Deutschsprachige Printmedien begleiteten auch diese WCG-Saison zumeist emotionslos zurückhaltend und mitunter versteckt in Spezial-Rubriken. Der unmittelbar nach den WCG-Finaltagen erschienene Spiegel griff eine – spätestens nach dem damaligen tödlichen Amoklauf am Erfurter Gutenberg-Gymnasium (Aufmerksamkeitsterror) – immer wieder kontrovers diskutierte Problematik auf. Die TNS-Infratest-Frage “Halten Sie ein Verbot von gewalttätigen Computer- und Videospielen wie ’Counterstrike’ zum Schutz von Kindern und Jugendlichen für sinnvoll?“ beantworteten nicht weniger als 83 Prozent der Befragten mit “Ja“.
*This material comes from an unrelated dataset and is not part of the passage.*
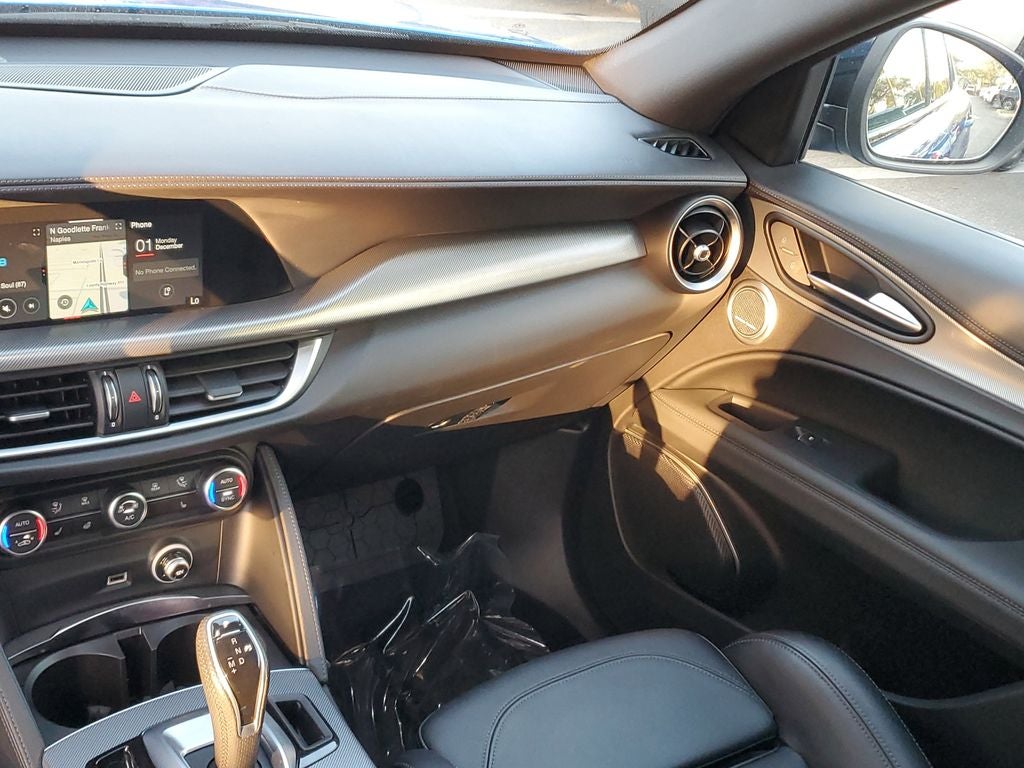 2023 Alfa Romeo Stelvio Veloce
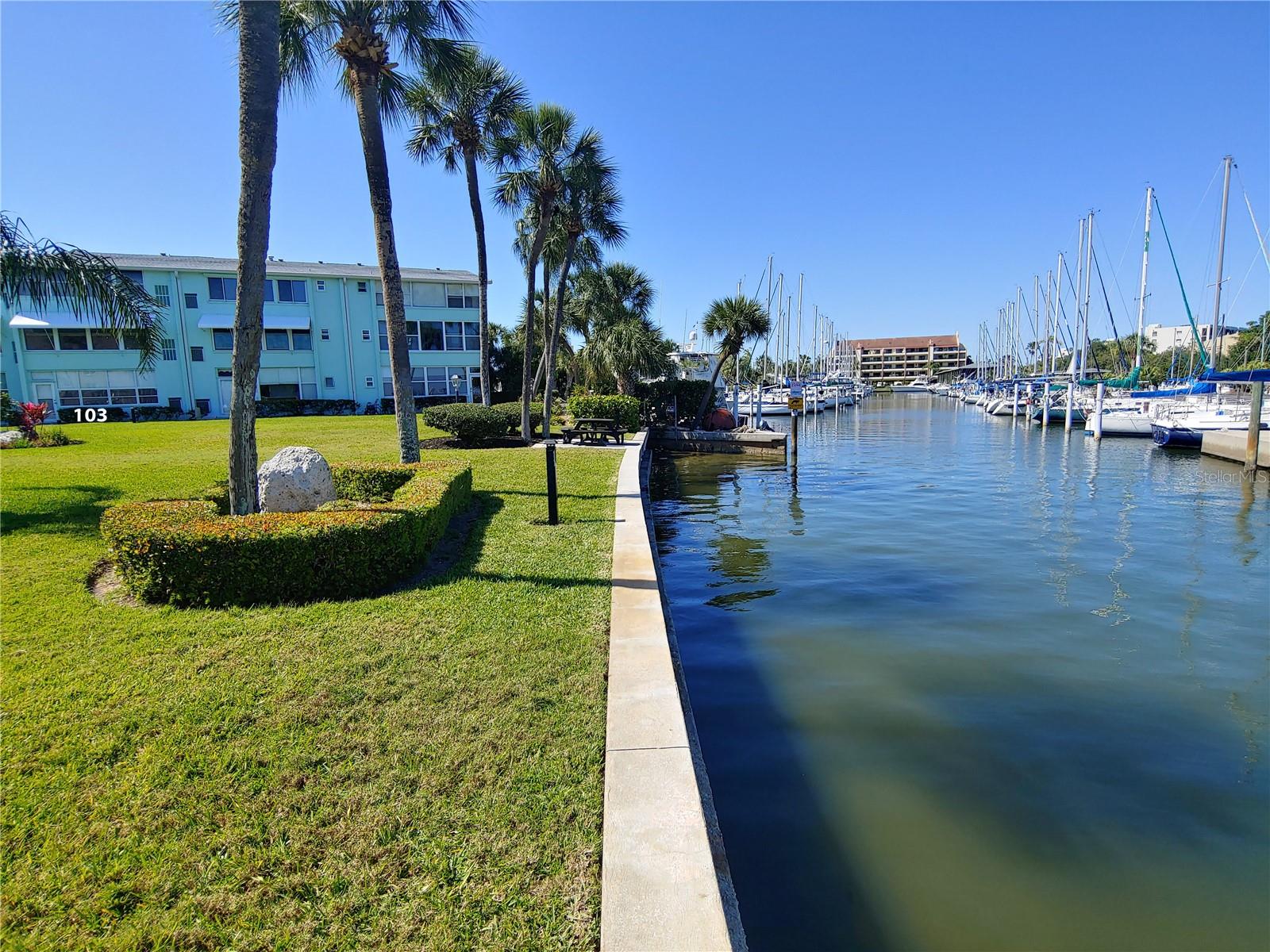 SHORE VIEW BLDG - Residential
Einer der Mitorganisatoren der WCG, Thomas von Treichel, bezeichnete fast zeitgleich im Deutschlandradio Kultur ein beispielsweise im Koalitionsvertrag zwischen CDU, CSU und SPD gefordertes Verbot von so genannten Killerspielen dagegen für “wirkungslos“ und prognostizierte dahingehend “keine größeren Auswirkungen“ (“Unsere Forderung ist nicht populistisch“). Die Frage, ob die bundesdeutsche Fußball-Nationalmannschaft real besser kicken würde, wenn das FIFA-Football-Game zum offiziellen Trainingsprogramm gehören würde, ist in diesem Zusammenhang schon öfter mehr oder weniger sinnhaft persifliert worden.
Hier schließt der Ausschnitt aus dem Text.